Given a positive integer $$n \in \mathbb{Z}_{+}$$, we begin with the following definition:

Definition 8.2.1: determinant

Given a square matrix $$A = (a_{i j}) \in \mathbb{F}^{n \times n}$$, the determinant of $$A$$ is defined to be

\det(A)  =
\sum_{\pi \, \in \, \mathcal{S}_{n}}
\mbox{sign}(\pi) a_{1,\pi(1)}a_{2,\pi(2)}\cdots a_{n,\pi(n)} \,,
\label{eqn:det}

where the sum is over all permutations of $$n$$ elements (i.e., over the symmetric group).

Note that each permutation in the summand of Equation \ref{eqn:det} permutes the $$n$$ columns of the $$n\times n$$ matrix.

Example 8.2.2

Suppose that $$A \in \mathbb{F}^{2 \times 2}$$ is the $$2\times 2$$ matrix

\begin{equation*}
A = \begin{bmatrix} a_{11} & a_{12}\\ a_{21} & a_{22} \end{bmatrix}.
\end{equation*}

Solution

To calculate the determinant of $$A$$, we first list the two permutations in $$S_2$$:

\begin{equation*}
\mathrm{id} = \begin{pmatrix} 1 & 2 \\ 1 & 2 \end{pmatrix}
\sigma = \begin{pmatrix} 1 & 2 \\ 2 & 1 \end{pmatrix}.
\end{equation*}

The permutation $$\mathrm{id}$$ has sign $$1$$, and the permutation $$\sigma$$ has sign $$-1$$. Thus, the determinant of $$A$$ is given by

\begin{equation*}
\det(A) = a_{11} a_{22} - a_{12} a_{21}.
\end{equation*}

Were one to attempt to compute determinants directly using Equation \ref{eqn:det}, then one would need to sum up $$n!$$ terms, where each summand is itself a product of $$n$$ factors.
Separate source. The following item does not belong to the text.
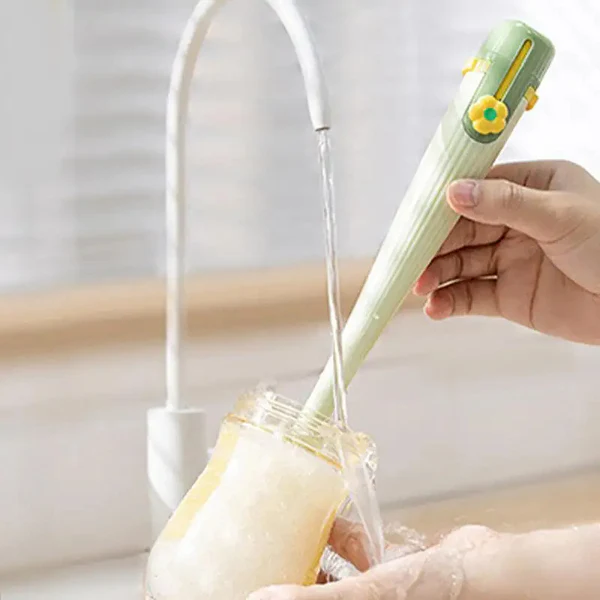 Praktische 5 in 1 Flessenreiniger met Multi Borstel Ontwerp voor Diepe Reiniging-Cleaning Materials-DeWoonVallei-DeWoonVallei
This is an incredibly inefficient method for finding determinants since $$n!$$ increases in size very rapidly as $$n$$ increases, e.g., $$10!=3628800$$. Thus, even if you could compute one summand per second without stopping, it would still take you well over a month to compute the determinant of a $$10 \times 10$$ matrix using Equation \ref{eqn:det}. Fortunately, there are properties of the determinant (as summarized in Section 8.2.2 below) that can be used to greatly reduce the size of such computations. These properties of the determinant follow from general properties that hold for any summation taken over the symmetric group, which are in turn themselves based upon properties of permutations and the fact that addition and multiplication are commutative operations in the field $$\mathbb{F}$$ (which, as usual, we take to be either $$\mathbb{R}$$ or $$\mathbb{C}$$).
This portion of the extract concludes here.